The initial time needed to elucidate 40 compounds was 341.04 s. With weight checking and removal of potentially incorrect combinations, this time was significantly reduced to 21.66 s. Further optimizations, which additionally excluded the impossible compound combinations, reduced the calculation time by another 50% to 11.45 s. Inclusion of the 13C NMR data did not significantly affect the time complexity. However, the number of elucidation candidates was reduced by about 20%. This part of the process decreased the final number of candidates by removing the incorrect candidates from the results, while not negatively affecting the classification performance by potentially removing the correct results from the candidate list.

Considering all optimizations, the average number of candidates per compound significantly decreased by considering the weight of the combinations, followed by the connectivity methods and tree realization checks. Additionally, the 13C NMR data, which we added as an optional input to the proposed approach, reduced the number of candidates.

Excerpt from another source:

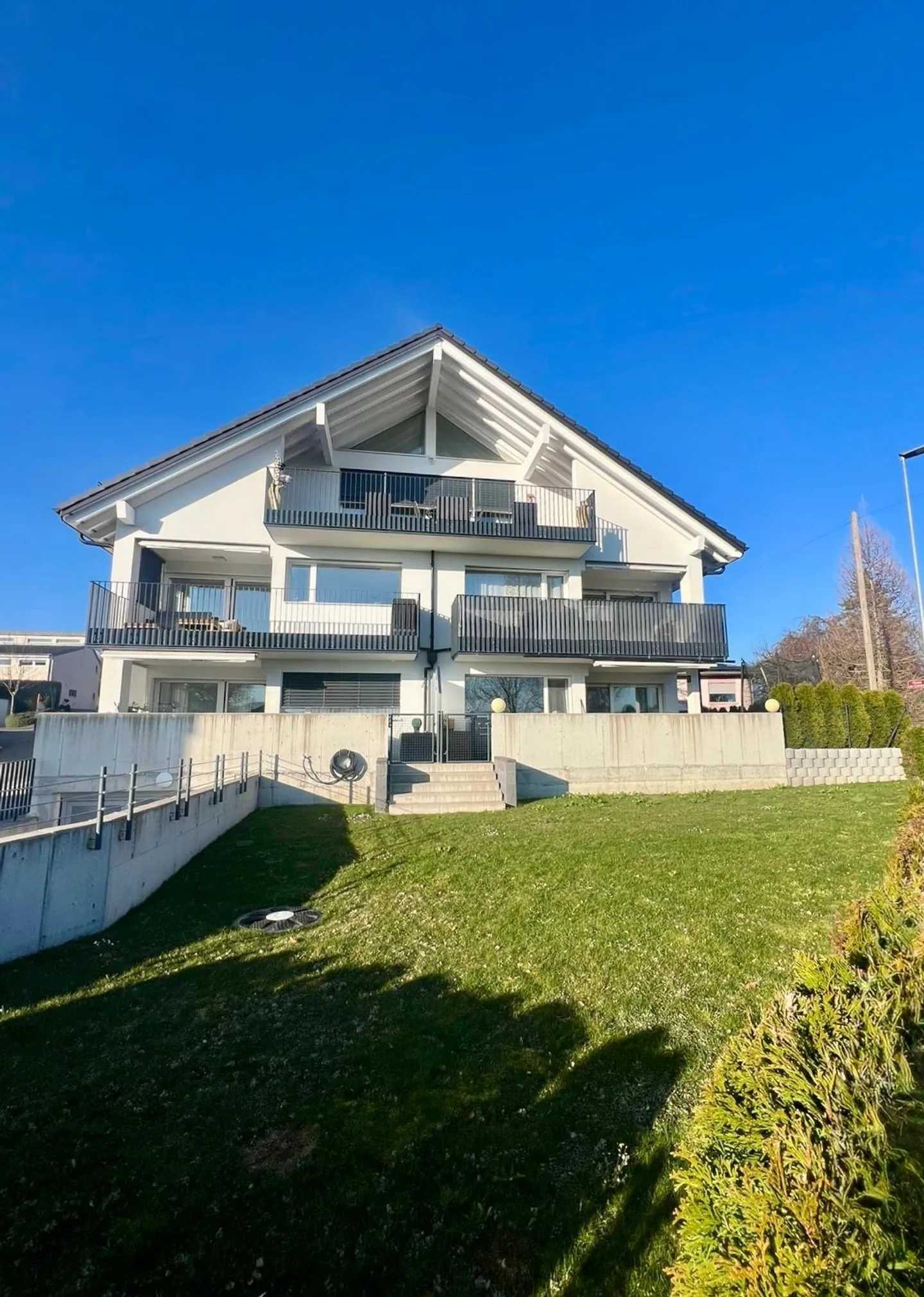 Magnifique maison lumineuse de 4.5 pièces de 106 m² avec terrasse et jardin clôturé - Montet (Glâne) - Photo 1 sur 12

It is important to note that in its current form the algorithm can resolve relatively simple organic molecules (Figure ). It currently processes only first-order 1H NMR spectra and fails to resolve the unknown structure if the IR spectrum does not provide the information on the functional groups that are present in the molecule and should be seen in the IR spectrum. For instance, if the −NH– group is present in the molecule, but the IR spectrum for some reason (hidden/superimposed/not assigned signal) does not provide the corresponding peak value for this group, that is, ca. 3300 cm–1, the algorithm fails to resolve the structure. In some cases, the spectral data of 1H NMR were adjusted to fit the first-order NMR data. For example, in the above presented elucidation of compound 1, the splitting pattern of proton resonance at δ 1.78–1.92 ppm was assigned as a quintet-like (quint-like) at δ 1.85 ppm (vide supra). We decided to use this term as it corresponds well to what one can actually observe in the spectrum without knowing the structure of the compound. Depending on the resolution of the spectrum, the quintet-like splitting pattern commonly appears for the central methylene protons in X–CH2–CH2–CH2–Y hydrocarbon chain that are coupled to the nonequivalent neighboring pairs of X–CH2 and CH2–Y protons with similar coupling constants. In the literature, the resonance for this type of central methylene protons is correctly reported as a multiplet or triplet of triplets; however, at the current stage, the algorithm cannot process more complex splitting patterns (e.g., dd, dt, tt, etc.) or multiplets. The exception is the phenyl group, C6H5–(Ph−) that is defined as a multiplet resonance with integral 5 in the region around 7 ppm. The algorithm can also process para-substituted phenyl ring as it frequently resembles two doublet resonances with an integral ratio of 2:2 in the aromatic region of the spectra. Therefore, only compounds with mono- and para-substituted phenyl rings can be currently processed by the algorithm. One of the primary goals in further developments will be upgrading the algorithm to resolve more complex NMR data as well as to resolve structures from partly incomplete spectral data (vide supra). The algorithm proposed herein serves as a ground for further developments, which will increase its capacity of resolving more complex molecular structures.

Conclusions

The proposed algorithm is the first step in the development of a user-friendly and database-independent chemical structure elucidator that would mimic a spectroscopist-driven process of resolving the molecular structure from spectral data, that is, building the molecular structure form small predefined fragments. It recognizes various functional groups and differentiates between structural isomers of organic molecules. In its current form, the algorithm can resolve rather simple organic structures and will thus serve as a basis for further developments. The elucidator is publicly available through a web-interface, which can be used to elucidate and visualize unknown compounds. For interested researchers, source code of the elucidator is also publicly available.